Como o setor não usa robôs para a produção de embarcações, todo aumento de demanda se reflete em vagas de trabalho. A indústria náutica gera, em média, sete empregos durante a construção de cada barco. Um benefício que se estende ao mar: na água, cada lancha ou iate oferece entre duas e quatro vagas permanentes; dependendo do seu tamanho. O potencial de impacto, segundo a Acobar, é de mais de 120 mil postos de trabalho. 

Como preservamos o mar e o utilizamos de forma sustentável

O turismo científico também tem aumentado, adotando sempre os cuidados necessários para a proteção do ecossistema. Palestras recentes realizadas na Marina da Glória, um dos cartões-postais do Rio, reuniu centenas de especialistas, marinheiros e apaixonados pelo mar para discutir e chamar atenção sobre como proteger baleias-jubarte e outros cetáceos que frequentam as águas do Atlântico Sul, já que a costa do Rio de Janeiro desempenha cada vez mais um papel fundamental no ciclo de vida e no aumento da população destes animais com possibilidade de avistamentos frequentes. O encontro fomentou a discussão sobre como realizar de maneira sustentável o imenso potencial para o ecoturismo marinho no estado, proporcionando encontros seguros e inesquecíveis entre esses enormes animais e o homem.

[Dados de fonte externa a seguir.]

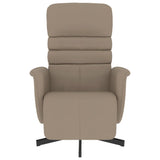 Fauteuil inclinable avec repose-pieds cappuccino similicuir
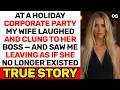 At The Holidey Party, She Was Laughing With My Boss — And Saw Me Leave As If She No Longer Exist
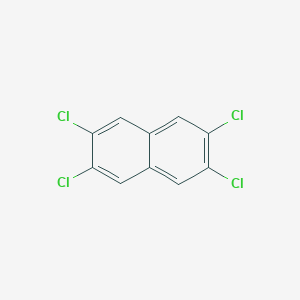 molecular formula C10H4Cl4 B127352 2,3,6,7-Tétrachloronaphtalène CAS No. 34588-40-4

No litoral de São Paulo, outra iniciativa estimula a ação da população nos cuidados. Pescadores que trazem o lixo recolhido acidentalmente por suas redes são remunerados com vales alimentação que variam entre R$ 100 e R$ 600 em Ubatuba, Cananéia e Itanhaém. Uma ideia que pode inspirar outras cidades, outros estados, outros países. Já no Rio de Janeiro, as medidas adotadas pela concessionária Águas do Rio, que assumiu em 2021 o saneamento de 27 cidades, incluindo as Zonas Sul, Norte e Central da capital, fizeram com que mais de 40 milhões de litros de esgoto deixassem de ir diariamente para a Baía de Guanabara. A meta da concessionária é criar nos próximos três anos um cinturão de proteção na Baía.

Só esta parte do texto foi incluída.